I have NOT made up my mind yet. My original question still remain unanswered. However, quality/reputation of the program is not a factor here , unless I found from trusted source that Chicago Singapore's quality is going to be inferior.

cheers,
Quite frankly, I believe stonyblue already made up his mind about the choice before he asked this same question on QN, WM and GD.
I believe the intention is to seek validation to his reasons and choice. Now, faced with unfavorable comments, these threads now turn into a defense of the Chicago/Singapore remote program.
This is just my impression. If it's not the case, I apologize.
 

Mathamaniac

New Member
I am not sure why most of the posts from Baruch guys sound like this
DC ... This line wasn't for you. Stop reading SCI-FI as it is badly affecting your ability to interpret :) such interpretation seriously makes me doubt the other statement of "your significant other".

But in some cases this is in the face of mediocre teaching, and sometimes staff who do not know the subject and cannot speak English, something I hear about several "premium" programmes. I also hear tales of the organisation being so bad that students turn up for lectures, but no lecturer.
I hope that you understand that this is not the case with Chicago sngpr program.

In 50 years it may be different, but I'll be dead and you will have retired.
Believe me you are under-estimating.


DC i don't know how big a HH you are (actually not interested right now :)) but you sound pretty unconvincing and most of your views aren't based on any rationale except that you "hear and believe" . You should read things more carefully before you react rather over-react and so holds true for the program itself.Just because you know that one program failed due to some issues that you've stated and you are hardly ready to accept that the other one has significantly different structure from the former therefore it's useless arguing.
 

DominiConnor

Quant Headhunter
DC i don't know how big a HH you are
Nor do I :)

I diclosed the way in which I get information so that people can weight what I say appropriately. If the fact that nearly everything I hear about MFE courses is 2nd hand from people who've attended them causes you to weight my opinions lower, that is fine by me.

My job is not to tell people what to do, but to help inform their decisions better.
You find a better source of data than me, you have my blessing to share it with anyone you choose, and I will be first in the queue to listen.

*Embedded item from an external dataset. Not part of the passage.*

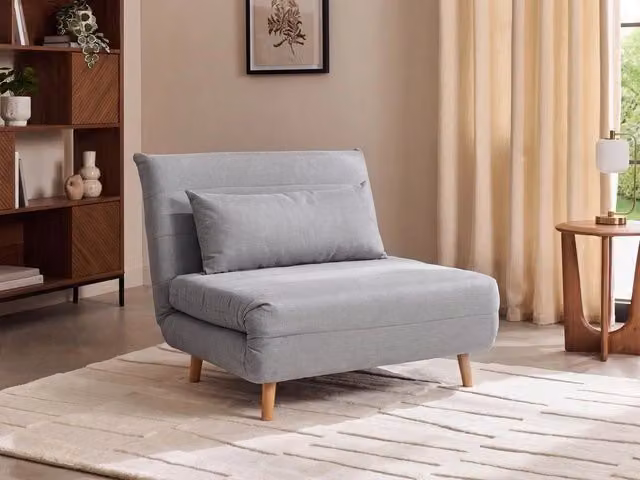 Divano letto pieghevole Beliani in tessuto grigio con struttura in legno di betulla stile scandinavo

I'd go further, and admit that from some persepctives, it is absurd that my opinion is seen as valid at any level, I am after all only a headhunter.
Ideally there would be a better resourced board of industry and academia who would moderate the quality of MFE programs.
Sadly the attempts I have seen either ran out of resources, or produced results that seem to be more a function of the advertising spend by the business school of that university than a serious attempt at analysis. One place, somewhere in Belgium was rated at some golden level by the FT. I will freely admit that I'd never heard of it, or even met an alumnus.

But I am fallible, my data suffers from all the classical issues one has from sampling, and it must be said I do not believe everything I'd told.

Yes, I am comparing the Chicago Singapore programme with the CT one, since it appears to be the same outfit providing the same thing. That again is an explicit assumption that you can choose to regard as invalidating my analysis.

Please feel free to tell me why I'm wrong in making this assumption.

Maybe it will be better in Sg, that's perfectly possible, and does fit another fact that I observe from "live" MFEs in that the satisfaction of students with a course varies quite a lot between years at the same place.
 

stonyblue

New Member
Dominic, you have been contributing a lot of information and analysis to this Chicago/Singapore topic -- thanks a lot .

I believe you defnitely have placed quite a number of CMU MSCF graduates from their NYC Campus. Could you please comment a little bit on the teaching quality , industry perception & student satisfaction regarding it ? -- I am not simply using CMU @ NYC to predict UChicago @ Singapore , that's way too simplistic. Just out of curiosity and want to know more about this off-campus venture.